He started the summer branded a cynical assassin, allegedly terrifying rival fast bowlers with 90mph beamers. Towards the end of the year, Brett Lee was being pelted with fruit by baying yobs as he patrolled the boundary at Eden Park in Auckland.
In between, he was adopted by that most unlikely constituency, the Barmy Army, the same comedians who, during the 2002-03 Boxing Day Test at the MCG, had taunted his every delivery with calls of "No-ball!" after suspicions were raised about his action. By any standards, Lee - never easy to define as either a bowler or a personality - had a remarkable 2005. Above all, he had a remarkable Ashes. From his leaping delivery and health-threatening thunderbolts to the dazzling smile that rarely faded, from his intelligent slogging in the final-innings run-chase at Edgbaston to the stoicism he showed in taking his licks from England's pace battery throughout, Lee left an enduring image of vivacious engagement.
It was not achieved through his statistics. He took 20 Ashes wickets at a very ordinary 41.10. His best return was four for 82 and his strike-rate was a wicket only every 57 deliveries. With the bat, Lee scored 158 at 26.33: respectable, but still eighth in the Australian averages.
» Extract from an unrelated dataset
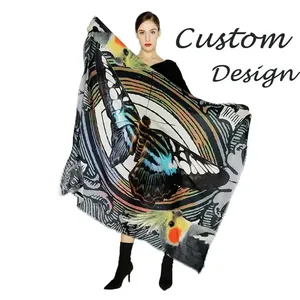 Custom 100% Woolen Scarf Big Size Shawl Personalized Double Side Printed Design thumbnail-1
But Lee made an impact that transcended figures. His two most memorable performances arrived at Birmingham and The Oval, the first when Australia might have taken a 2-0 series lead, the second when they were striving against the odds to claw their way back to parity and keep the Ashes. That his team fell short in both endeavours could not detract from his heroism. With Glenn McGrath injured at Edgbaston, he had to carry the pace attack and found himself being hit for 18 by Marcus Trescothick the over before lunch on the first day. But Australia clawed their way back into the game and, on the third morning, Lee struck dramatically. In two overs of quite frightening pace, he removed Trescothick, Michael Vaughan and the nightwatchman Matthew Hoggard - he should have had Kevin Pietersen caught behind first ball, but Billy Bowden didn't hear the nick.
Then came Sunday when the last pair, Lee and Michael Kasprowicz, needing a seemingly impossible 62, famously fell just short. Lee, at the bowler's end, sank to the pitch in exasperation. It had been the noblest of efforts. It was then that the lasting picture of the series was frozen. Andrew Flintoff, who had done more than anyone to win the Test for England, interrupted his celebrations and put a consoling arm around Lee's shoulders: his unbeaten 43 was the stuff of cricketing myth.
A month later came the climax. Ricky Ponting threw Lee the ball at The Oval as England were hanging on for a series-winning draw. That he went wicketless in 20 overs will leave historians with the impression Lee's part was minor. It was not. He showed ferocious commitment - "He was bowling at the speed of light," Paul Collingwood recalled later - and he should have had the centurion Pietersen caught by Shane Warne at first slip for 15. When the series was lost, Lee was graciousness itself. And he had no cause for anything but pride: he had revived a Test career stalled for two years when he was virtually ignored by the selectors. He was 28 and he was back.
Brett Lee was born in Wollongong on November 8, 1976. Like his name, his background was unpretentious. But his reputation as a fearsome young tearaway reached Sydney before he did. Along with his elder brother, Shane (who went on to play 45 one-day internationals), Brett represented the Oak Flats Rats cricket club where his slight frame and slinging, sideon action - which later caused severe back problems and was completely overhauled by Dennis Lillee - terrorised batsmen across the south coast of New South Wales.
At 16, Lee began playing first grade in the Sydney competition for Campbelltown and quickly moved through the state ranks. He later moved to Mosman, where at one stage he shared the new ball with Shoaib Akhtar. Lee never did acquire any airs. He plays in a band called Six and Out with Shane and three other former New South Wales players. (They reputedly drew more to a pub gig in Darwin during the Test against Bangladesh in 2003 than had been to the game that day.) And well into his Test career, he worked in a menswear store in Sydney. Barely 24 hours after a tour of South Africa, he was back measuring clients and signing the odd autograph.
He's more of a man about town these days, as befits a past runner-up in Cleo magazine's Bachelor of the Year competition. But he's a committed cricketer. When he went home after the Ashes and helped clean up West Indies, he decided - in consultation with Ponting - that what remains of his Test career should be played out at full throttle, in bursts of four or five overs.
More than likely, he will be tearing in, teeth glinting in the Aussie sun, when England defend the Ashes at the end of the year. He hasn't always convinced in Test cricket. But the best might lie ahead.